5:25 a.m.
The plastic robot face was the first thing he saw. A blue robot, solid jaw, face bolted together with plastic bumps meant to look like rivets. To his right, a fleshy strongman was torn open at the torso by a spear of glass. Pink slime oozed out of the wound. Yet the expression on his molded-plastic face remained the same. Now that was stoicism at its finest. Inspirational, even.
Kowalski lay broken in a sea of dusty toys, stuff he remembered from his own childhood.
That must have been when this shop closed down, the 1970s. Kowalski squinted and saw a painted wooden sign stacked vertically in the corner, SNYDER’S TOYS.
Cute.
All around him, toys. Rock ‘Em Sock ‘Em Robots. Stretch Armstrong. Role models, dating back to the era of The Six Million Dollar Man. His main man, Steve Austin. The man Kowalski had wanted to be when he grew up. Even if it took a grisly M2-F2 rocket crash, and parts of his mangled body needed to be replaced with bionic ones. We can rebuild you. We have the technology.
Well, here was his crash. Thrown from a moving train. His skin cut to ribbons, his right leg broken in at least two places, his wrist snapped.
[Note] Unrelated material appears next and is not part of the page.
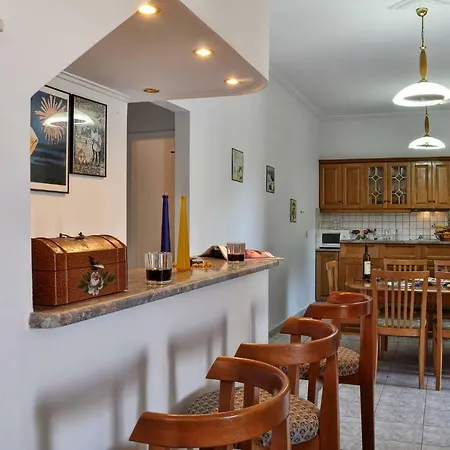 Chrysas House جوفيا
And a gash in his scalp so bad, he could feel the blood oozing past his hair and down into the dusty wooden floor, soaking it. Come to think of it, the wetness on his face might not even be sweat.
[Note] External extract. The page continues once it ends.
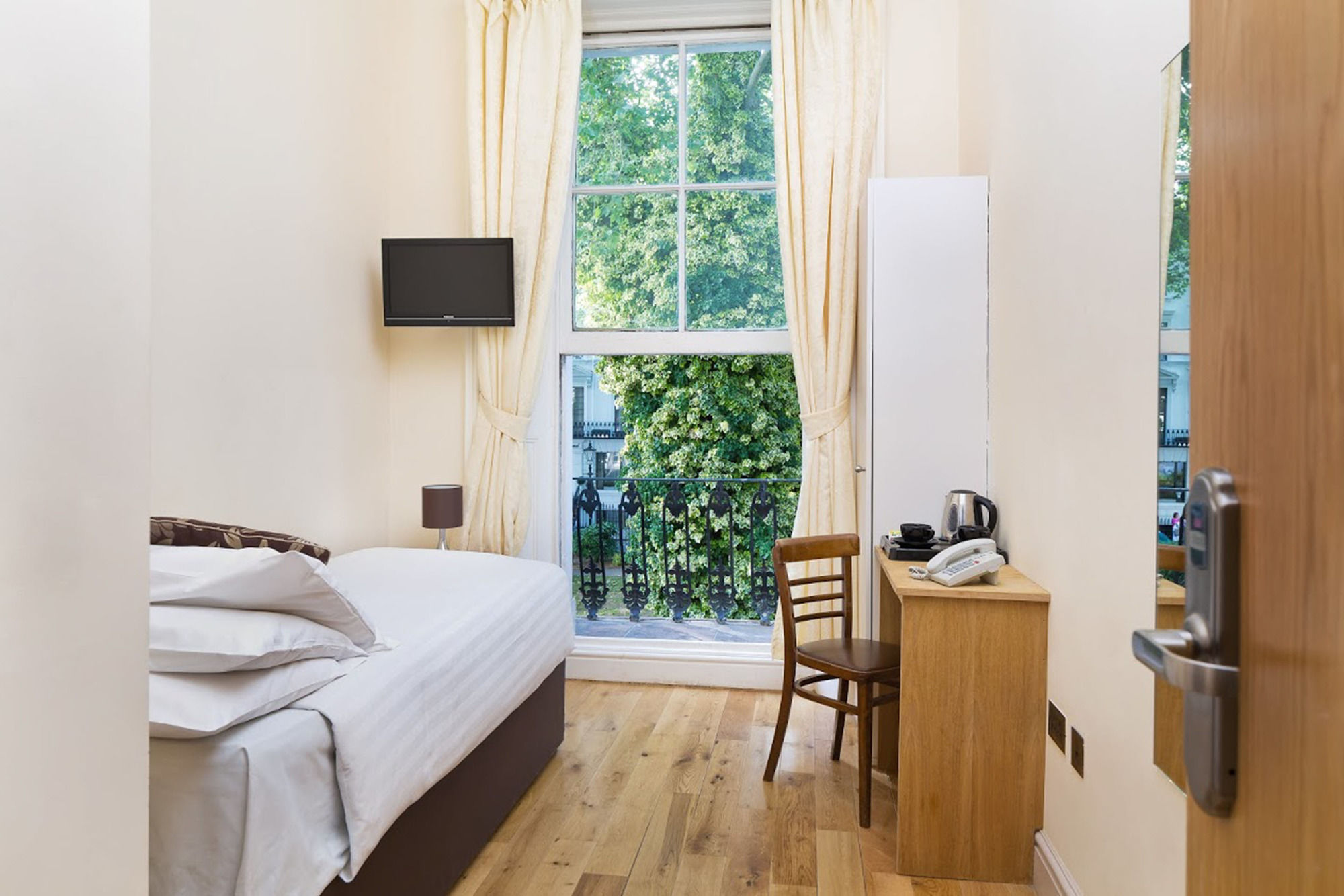 Voyage London Hotel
Where were the bionic parts now?
Where was Oscar Goldman?
Oh, that’s right. He’d dumped his Oscar last year for the sister of a bank robber.
Katie.
Enough of that already. Get the fuck up. Kowalski rolled over, threw out a hand. Grabbed the edge of a splintery floorboard. Pulled himself forward about six inches. Then he had to stop. Getting dizzy. The pain in his leg was unbelievable. Must have been how he’d landed on it. He pushed toys aside. Chrissy dolls. White marbles. Shattered, yet still hungry, plastic hippos. Kenner mini sewing machines. Wacky Packs. Micronauts. Milton Bradley board games, whose cardboard boxes had blown out. Remco Mc-Donaldland characters. The stuff was everywhere. He must have knocked over a set of steel shelves when he came through the window. It felt like his body was pressed against shag carpeting, the kind his parents used to have in the living room. He crawled a bit farther and found himself eye-to-eye with Mayor McCheese. He used to have a Mayor McCheese doll. Normal body, big cheeseburger for a head. Never knew what happened to it. Maybe it had ended up here. Maybe he’d ended up wherever it had gone. Maybe he was dead. Maybe he had been hurled through the air and had landed in his childhood version of heaven: his parents living room, Christmas Day, 1977.
Stop it.
It took him ten minutes to reach the other side of the room, where the gym bag containing the head of Ed Hunter had landed.
Behind it was a shimmering play mirror, about as reflective as a sheet of aluminum foil. But Kowalski was able to see his face.
He saw it.
And he screamed.
His body shook, raging against itself.
He pounded the floor with his right fist, clawed at the wood with the damaged fingers of his left hand.
He had been so good about keeping everything together. Because he was a trained professional. Guy who didn’t let anything in. But the truth was, he was the same kid who’d played with a Mayor McCheese doll, the kid who would grow up to meet a woman and fall in love and make a baby with her, and both of them were dead now because he hadn’t been there to save them, and now look at him, covered in blood, flesh of his cheeks torn and mangled, pieces of his ear missing, but those eyes, oh yeah, those eyes were the same he’d had since Christmas morning, 1977, and they looked back at him and they knew.
They knew what it was like to be trapped inside a monster.